В этот критический момент после столь быстрой победы растерянность испытывает не один Фарель; в других кантонах Швейцарии и в Германии стоят в нерешительности вожди Реформации, не имеющие единого мнения об исторической задаче, которую им предстоит решить. Первоначально Лютер и Цвингли хотели простого очищения существующей церкви, возврата веры от авторитета папы и церковного собора к позабытому евангелическому учению.
Вначале Реформация означала для них — в прямом смысле этого слова — реформирование, то есть улучшение, очищение, возврат к старому. Но так как католическая церковь упрямо отстаивала свои позиции, не пошла ни на какие уступки, задача реформаторов изменилась, они решили реализовать требуемую ими религию не внутри существующей католической церкви, а вне ее; и так как вместо разрушения возникла необходимость строить, не готовые к этому вожди Реформации пошли разными путями.
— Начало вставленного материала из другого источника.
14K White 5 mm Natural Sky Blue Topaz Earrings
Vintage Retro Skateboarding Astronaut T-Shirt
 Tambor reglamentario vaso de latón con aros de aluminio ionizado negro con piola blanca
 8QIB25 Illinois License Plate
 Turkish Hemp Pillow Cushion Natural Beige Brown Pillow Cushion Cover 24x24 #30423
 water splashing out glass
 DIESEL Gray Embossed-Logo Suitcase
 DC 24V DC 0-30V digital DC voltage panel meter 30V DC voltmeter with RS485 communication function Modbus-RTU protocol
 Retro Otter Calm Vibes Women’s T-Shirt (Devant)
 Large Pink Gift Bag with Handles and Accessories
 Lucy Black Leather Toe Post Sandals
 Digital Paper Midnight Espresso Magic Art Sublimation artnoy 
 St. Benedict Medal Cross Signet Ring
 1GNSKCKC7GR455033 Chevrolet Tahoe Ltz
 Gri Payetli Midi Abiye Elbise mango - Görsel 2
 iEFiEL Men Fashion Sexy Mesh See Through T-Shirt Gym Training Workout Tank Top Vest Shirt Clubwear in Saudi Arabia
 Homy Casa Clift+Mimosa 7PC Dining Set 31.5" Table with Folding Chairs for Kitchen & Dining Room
Само собой разумеется, ничего не было бы логичнее, если бы религиозные революционеры Лютер, Цвингли и другие богословы Реформации, тесно сплотившись, создали бы единую форму веры, единую практику новой церкви; но можно ли от Истории когда-либо ожидать логики и естественности? Вместо единой протестантской церкви всюду возникает множество; Виттенберг не желает принять Божье учение Цюриха, а Женева не принимает воззрения на Евангелия, выработанные Берном; каждый город хочет иметь свою Реформацию, Реформацию на свой, цюрихский, бернский, женевский манер; на примере религиозных распрей кантонов мы видим в уменьшенном масштабе кризис националистической спеси европейских государств.
В мелочных сварах, в богословски казуистических спорах и трактатах Лютер, Цвингли, Меланхтон, Буцер и Карлштадт расточают, разбазаривают свои лучшие силы, подтачивая гигантское строение Ecclesia Universalis[78]. Не зная, что делать, стоит Фарель в Женеве у развалин старого порядка: такова вечная трагедия человека, выполнившего предначертанное ему историческое деяние, но не понимающего ни следствий этого деяния, ни его требований.
* * *
Поэтому для трагического триумфатора счастливым становится час, когда он узнает, причем совершенно случайно, что Кальвин, знаменитый Жан Кальвин, проездом из Савойи на день остановился в Женеве. Тотчас же отправляется он к Кальвину на постоялый двор, чтобы испросить совета и помощи в деле строительства новой церкви. Ибо, хотя Кальвину двадцать шесть и Фарель чуть ли не на двадцать лет старше, молодой богослов уже имел бесспорный авторитет в мире ученых. Сын епископского сборщика податей и нотариуса, родившийся во Франции в Нуайоне, воспитанный в суровой школе коллегии Монтегю (там, где получили свое образование Эразм й Лойола), первоначально предназначенный для священнического сана, а затем для юридической службы, Жан Кальвин (или Chauvin), двадцати четырех лет, из-за своей приверженности к лютеровской вере вынужден бежать из Франции в Базель. Но если, как правило, люди, в огромном своем большинстве, потеряв родину, теряют и свои силы, эмиграция помогает ему полностью проявить себя. Как раз в Базеле, на этом перекрестке европейских дорог, где встречаются и враждуют различные формы протестантизма, Кальвин взглядом гениального логика увидел, понял, в чем суть момента.